Data Cleanup is 90% of any machine learning project.
The idea of the auto encoder is to extract the important features of the input and then from these features create output. For example when you input pikachu the important features are things like the color, shape... Then from those features it tries to make a pokemon that has those features. So to combine two pokemons you need to combine their features. 1. Feed both pokemons through the encoder to get their features. 2. Combine their features. 3. Use the combined features as input to the decoder to get a combined pokemon as output.
13:13 *Nigel Thornberry*
Here's an idea. For a larger data set, take the 3d models from one of the 3d pokemon games and have a program automatically create images by taking many pictures of each 3d model at different angles. I also think that you need to have something more complex than just having 0.6 and 0.4 for the blending. You might need 2 different programs. One that figures out the shape, and one the color. So then you tell it to use one pokemon's shape and the other's color. This is just an example. You might need to get more complicated.
Love your videos
Excellent Project! More importantly, rocking the Retro Rock & Rye FTW!!!!
About training data - have you tried to grayscale images, so nn work with right shapes (like for vector graphics maybe) & only after color them from palette? also about cleaning data from doubles - try to use software for that, named like duplicate image finder, works faster than doing only by hands (need some assistance still)
I think what this lacks is a separation between silhouette and texture. If you could reliably detect the boundaries of the pokemon, you could reliably morph between the two shapes, and also use those silhouettes as a mask for pattern detection, dealing with contamination from the background colors.
Hello jabrils I want to learn to program but I don’t know what laptop to get. I am kind of on a budget and was wondering what you would recommend for a laptop I could get for programming. Btw I love your videos and you have taught me a lot.

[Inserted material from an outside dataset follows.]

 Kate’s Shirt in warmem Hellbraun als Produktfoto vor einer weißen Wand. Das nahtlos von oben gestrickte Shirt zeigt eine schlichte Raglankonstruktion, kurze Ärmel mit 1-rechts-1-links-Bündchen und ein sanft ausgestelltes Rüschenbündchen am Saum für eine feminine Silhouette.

I honestly can't believe it took you until the end of the video to notice that it's just overlaying the 2 images with a lowered opacity. I've been screaming at my screen this whole time waiting for you to acknowledge this. I was thinking it was looking for outlines and trying to transition between the lines of 2 images.
You can make a separate program that cleans the blended images (makes more bold outlines and colors) and makes them seem more pokemon-ish
The paper "Understanding and Improving Interpolation in Autoencoders via an Adversarial Regularizer" talks exactly about what you're trying to achieve. Maybe it could be helpful.
@Jabrils
4 жыл бұрын
Thanks for sharing this, will give it a look! - Jabril
Great work, Jabril! But as for me, the result is just like changing the opacity of two images, merged together. And you interpret the result as good when two initial pokemons have common shape, so merging them will yield the same similar shape. But actually, autoencoder doesn't create new unique shapes. What if you try to train autoencoder, to create shapes, by feeding him only the contour of the pokemon, or greyscale images? And after, for example you add color with another autoencoder? Waiting for the next part ;)

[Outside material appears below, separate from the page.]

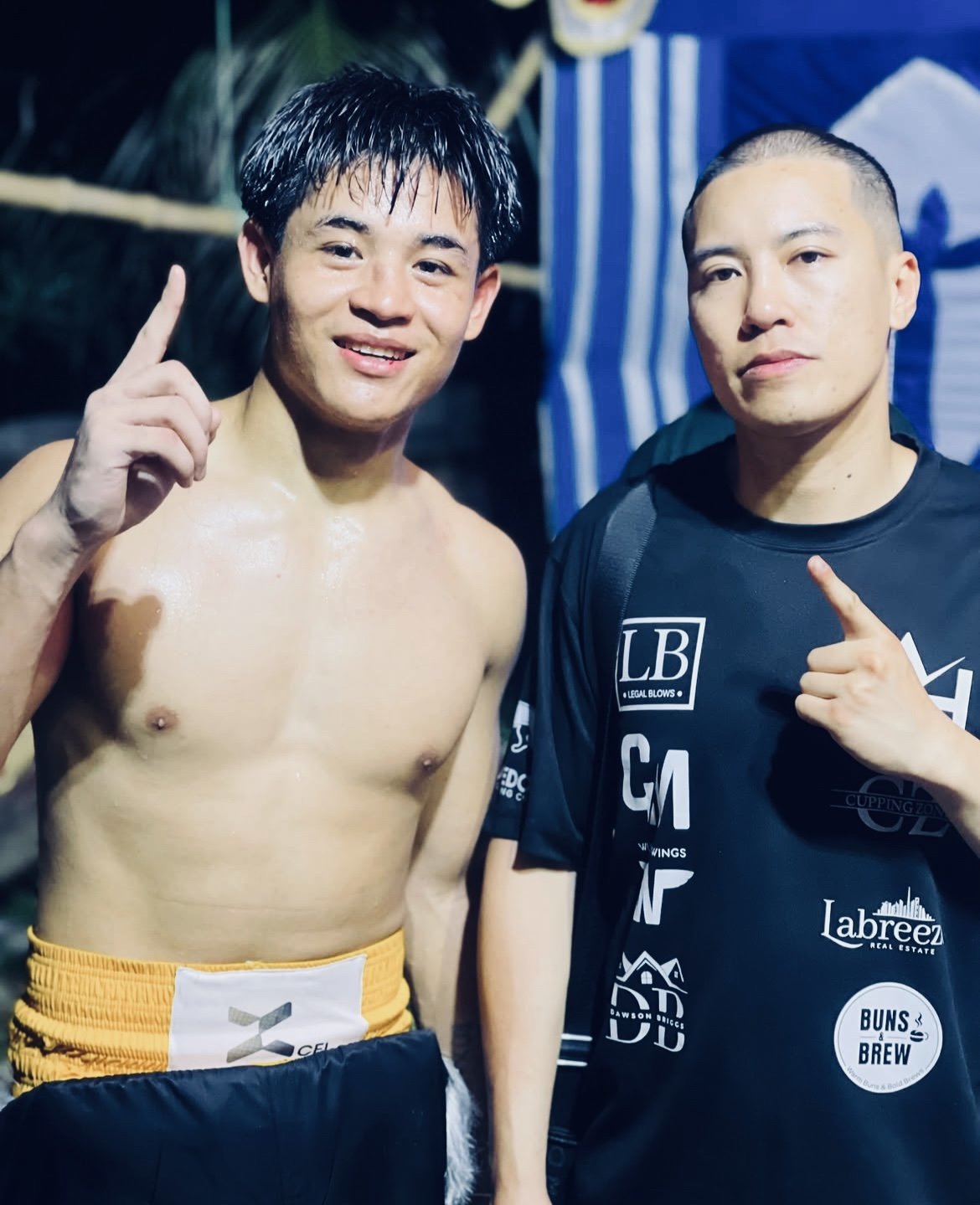 Coach Steve Iron with one of his fighters after winning a pro bout in his corner.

If you're trying to draw a pokemon in the style of another, you could maybe check if neural style transfer could be applicable/give you the results you're looking for. Instead of a vector, you combine the "style" of one with the "structure" of the other.
Would you be able to write code that rates the "pokemon-ness" of the final products and then sorts them? And then discards the ones that don't look like a pokemon (based on machine learning having seen many pokemon) The problem I think with your method is that instead of mixing two or three pokemon it mixes too many with every attempt at a new image...
What if you removed the background for each image and ran the product through a denoiser? Or did stuff like eyes and body separately and put them together?
Jabrils's machine learning autoencoder : "Would you look at that, what a mess" Google's machine learning autoencoder : Pokemon game : New Pokemon found! element : Google
whoa all this hard work for learning it was factor of opacity that is changing the picture tho i guess u learn a lot from it
Can you put the link in the description for the album auto encoder? It looked really cool! Btw great video as always
Yo i'm a big fan of Gambino and when i saw 0:52 i was shocked to know that you know him too and those albums mashup of his. And i also like Kanye and Tyler
the title "pokemon super mystery dungeon" should have a dataset with 720-ish pokemon, and should have a consistent art style. this is a super cool idea!
12:54 That one has seen some shit
You should try the same tecnique they use for vectorizing words in GPT2. Take the original NN and save the values of the bottleneck layer neurons to have a vector rapresentation of each pokemon. Like this the similar pokemon will have closer vectors to each other and thar will make interpolation and blending much better
You could try to vectorize the images of your last dataset and let the ai play around with mixing up individual vectors from svg files (so they actually form distinguishable shapes). That might produce cleaner linework. The blended image look is fine if it's just about getting them together somehow, but it isn't really any kind of artstyle. Great idea tho. I really like it.
Yoooo the DK 64 Crystal Caves music comin in clean at the 2:30 mark noice
Maybe you could increase the efficacy of the data? Making heat maps of distinguished features? Or color coded cell maps of like the anatomy of the creature?
@9:34 can someone please tell me where this song is from...
What happens if you just apply random noise to the original dataset to expand your training size? Does it cause output error?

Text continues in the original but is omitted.